Inside this issue
End frame: Sea Mist, Iceland by Tim Rudman
Rob Friel chooses one of his favourite images
I started taking photography more seriously when the advent of slide scanners, photoshop and the ability to print for myself made decent quality images possible at home without a darkroom. Although I’d describe myself as a landscape and nature photographer I find myself Increasingly interested in abstract images. I recently achieved my ARPS in fine art with a series of landscape images created using my mobile phone, which I love for its spontaneity.
I’m not sure what brought about the impulse that led to me responding to Tim’s recent appeal on Facebook for contributions to End Frame. I’ve often thought it would be good to write a short article for it but I’ve always debated what Image I would choose. This time I knew instantly what I wanted to write about, an image I was instantly drawn to, one I was prepared to put on the wall.
Iceland, for all that it is massively overexposed in photographic media and on the internet, is a compelling place photographically. Many excellent photographers have developed compelling bodies of work with Iceland as the sources of their inspiration. But the work I keep returning to is that of the master monochrome printer, Tim Rudman.

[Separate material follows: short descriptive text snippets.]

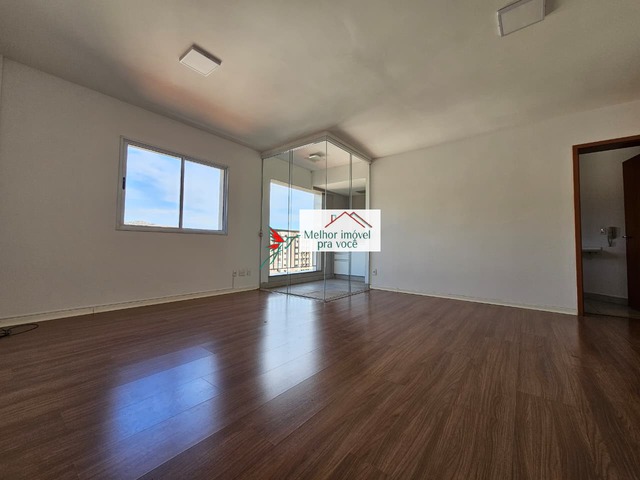 Apartamento para Venda em Poços de Caldas - 2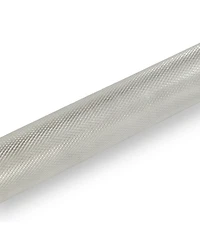 Sunny Health & Fitness 60" Standard Barbell with Star-lock collars, 300 lbs weight capacity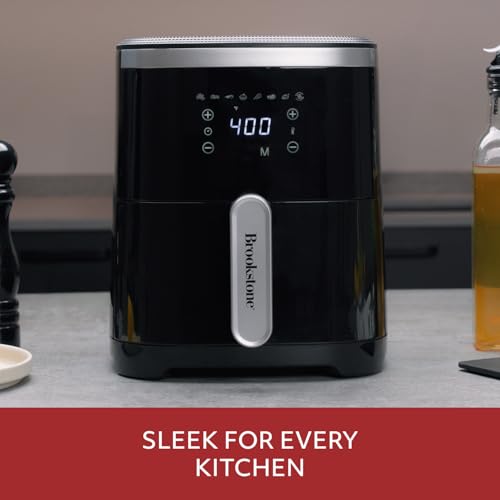 4.5 Qt Air Fryer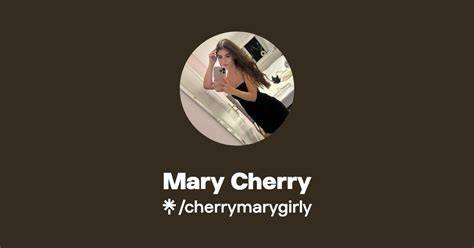 Mary Mary Onlyfans Leak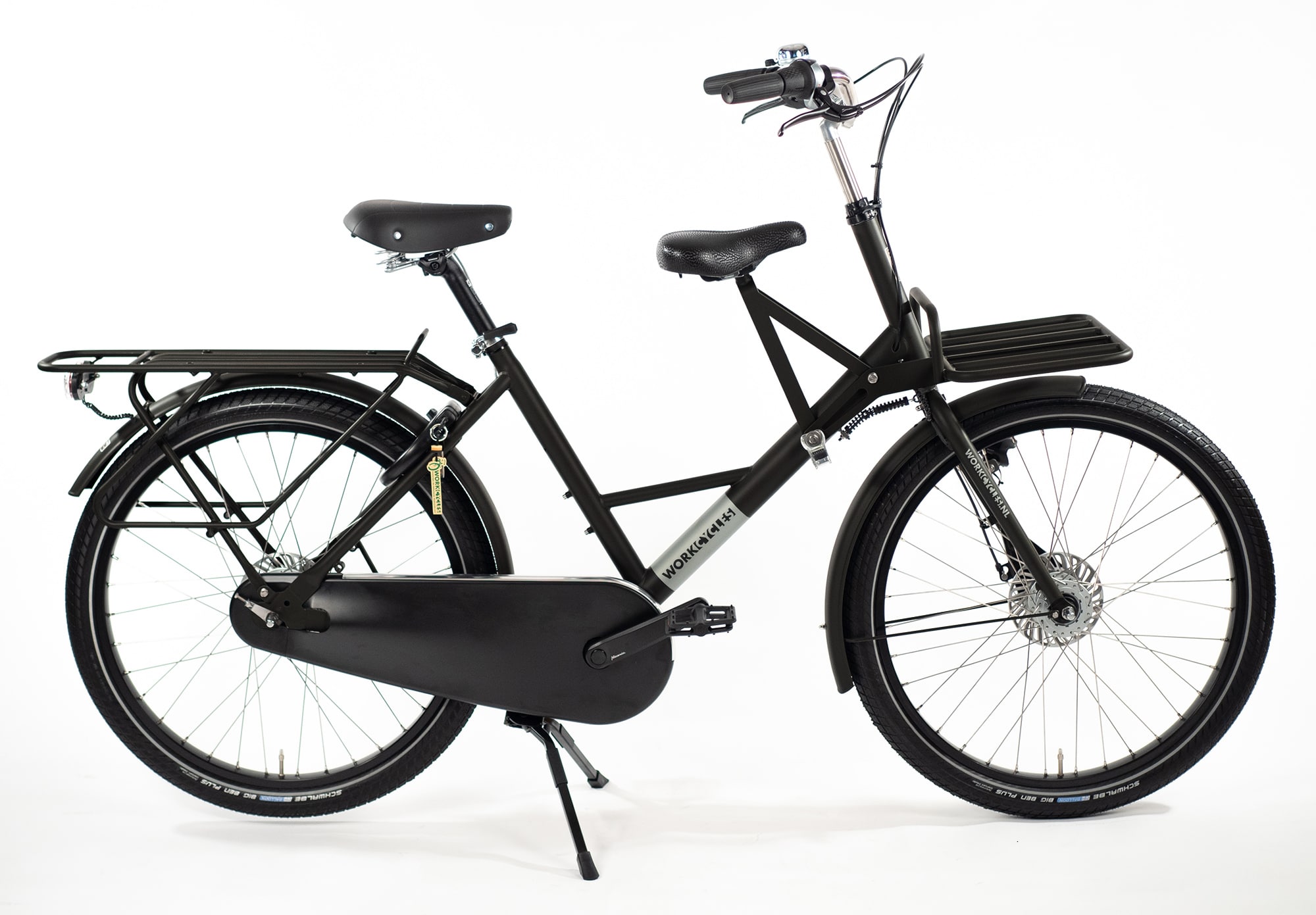WorkCycles  Fr8 .
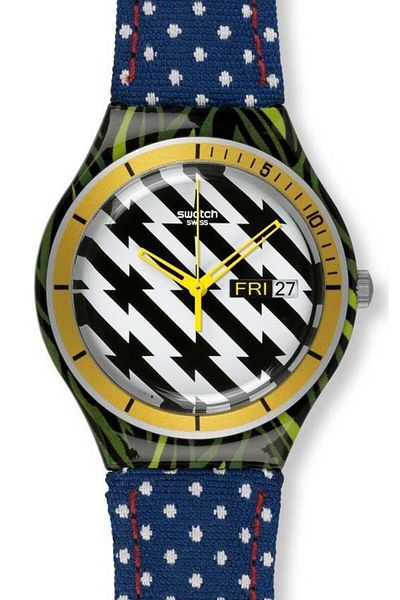 Swatch TIGER BABS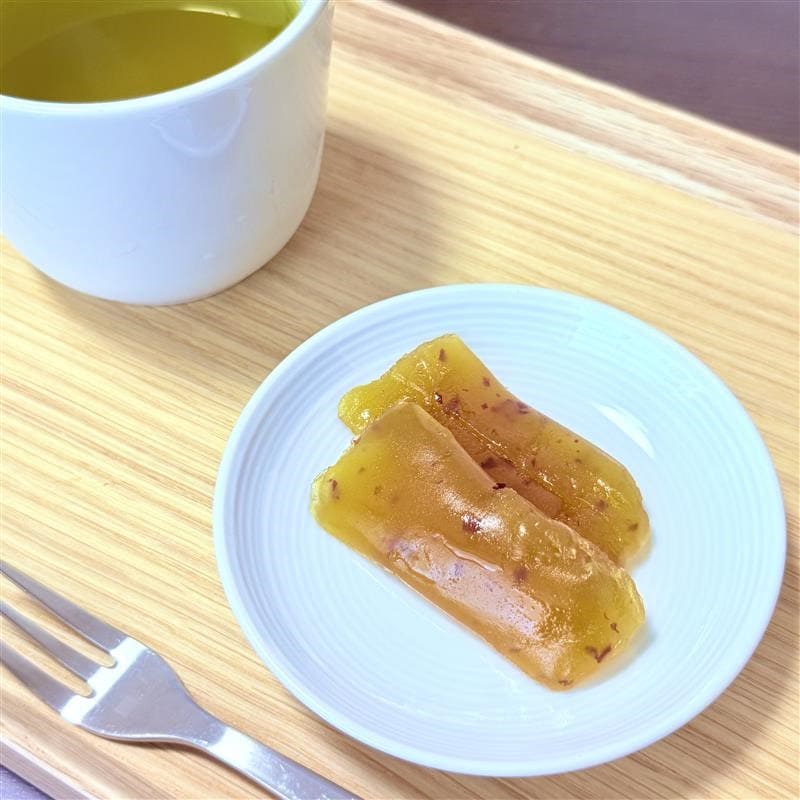 ようかんの写真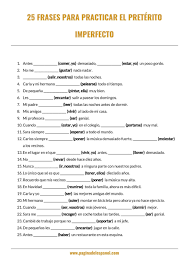 Preterito O Imperfecto Worksheet Answers 102 Best Preterito Vs Imperfecto Images In In 2020 Spanish Worksheets Spanish Teaching Resources Spanish Classroom Activities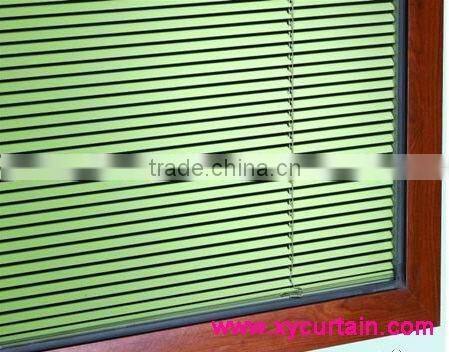 25mm PVC panel blind for room divider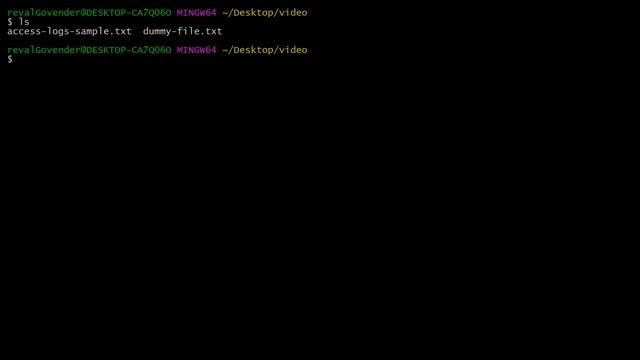 The Grep Command In Bash | How To Search Files And Directories | Tutorial Linux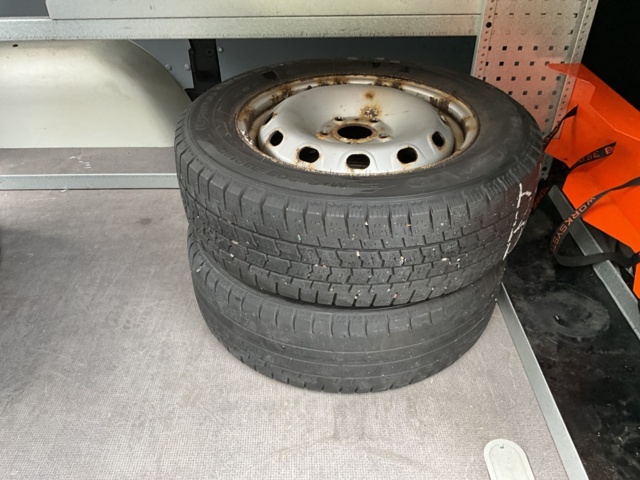 1061559-16 Opel Vivaro Van 2.9t 1.6 CDTI BIturbo - 2018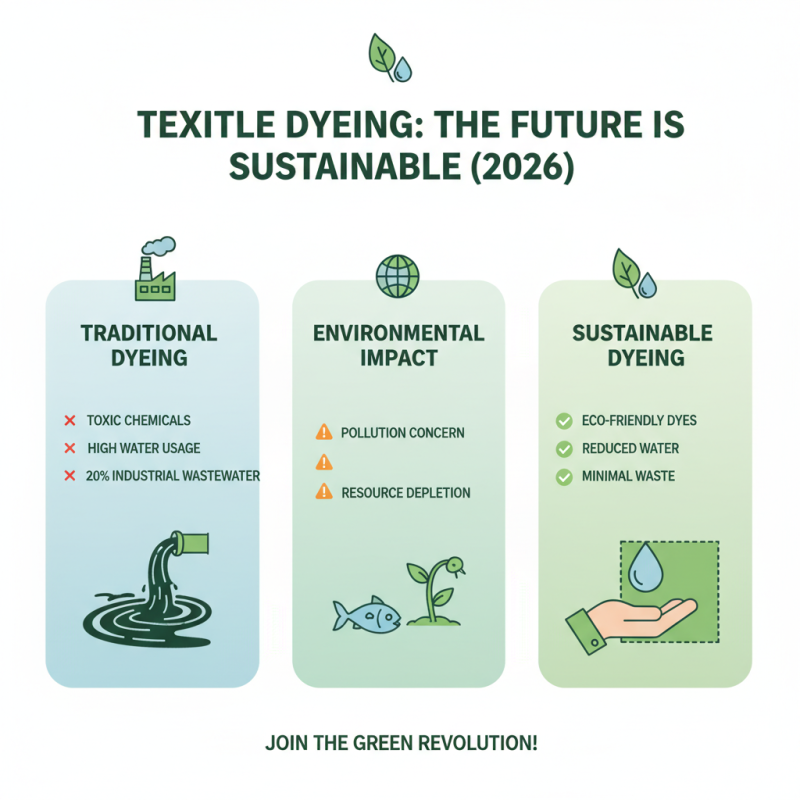 What is the Best Dyeing Textile Process in 2026?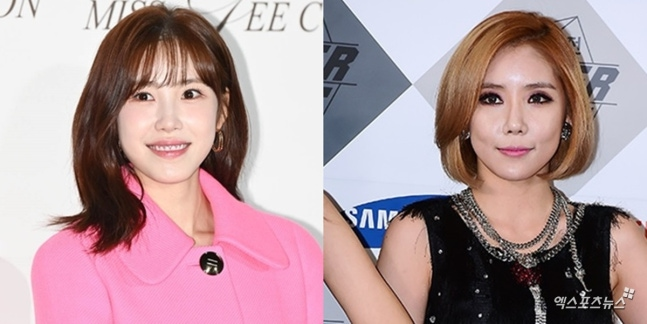 tang__kira's tweet photo. RBW Konfirmasi kalau Secret akan comeback setelah 12 tahun lamanya.

DIkabarkan bahwa Jeon Hyosung dan Jung Hana akan bergabung di comeback ini dan merekrut member baru menggantikan Song Jieun.

https://t.co/GrSlOCcV6Q https://t.co/fVi6AzLX1g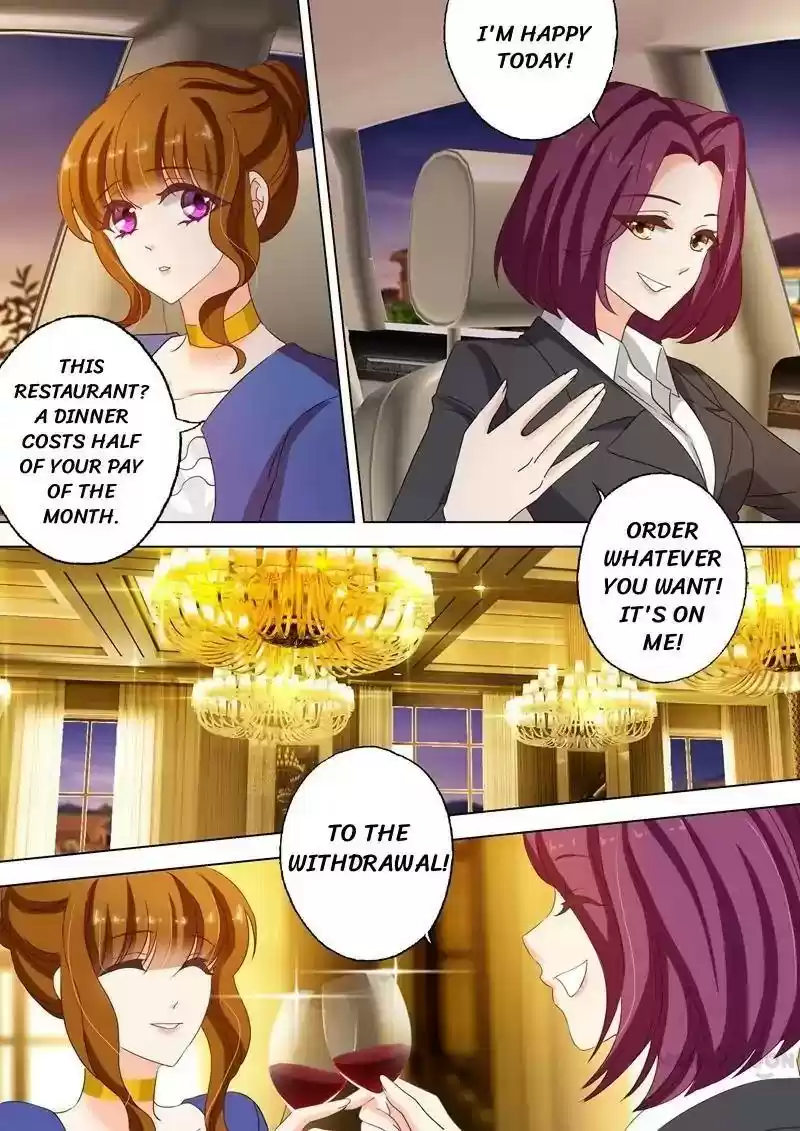 Haomen Tianjia Qianqi Chapter 141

I was given the superb book Iceland: An Uneasy Calm back in 2015, a book full of haunting toned monochrome images. Many are strongly graphic images, with a very skilful use of line and contrast. But others are full of detail and delicacy. I don’t tire of looking at the images, but however good a reproduction is in a book they rarely hold up to seeing the prints for real (if you want to know why the master printers like Ansel Adams are so highly regarded, get to see an original print when you get the chance, they positively glow).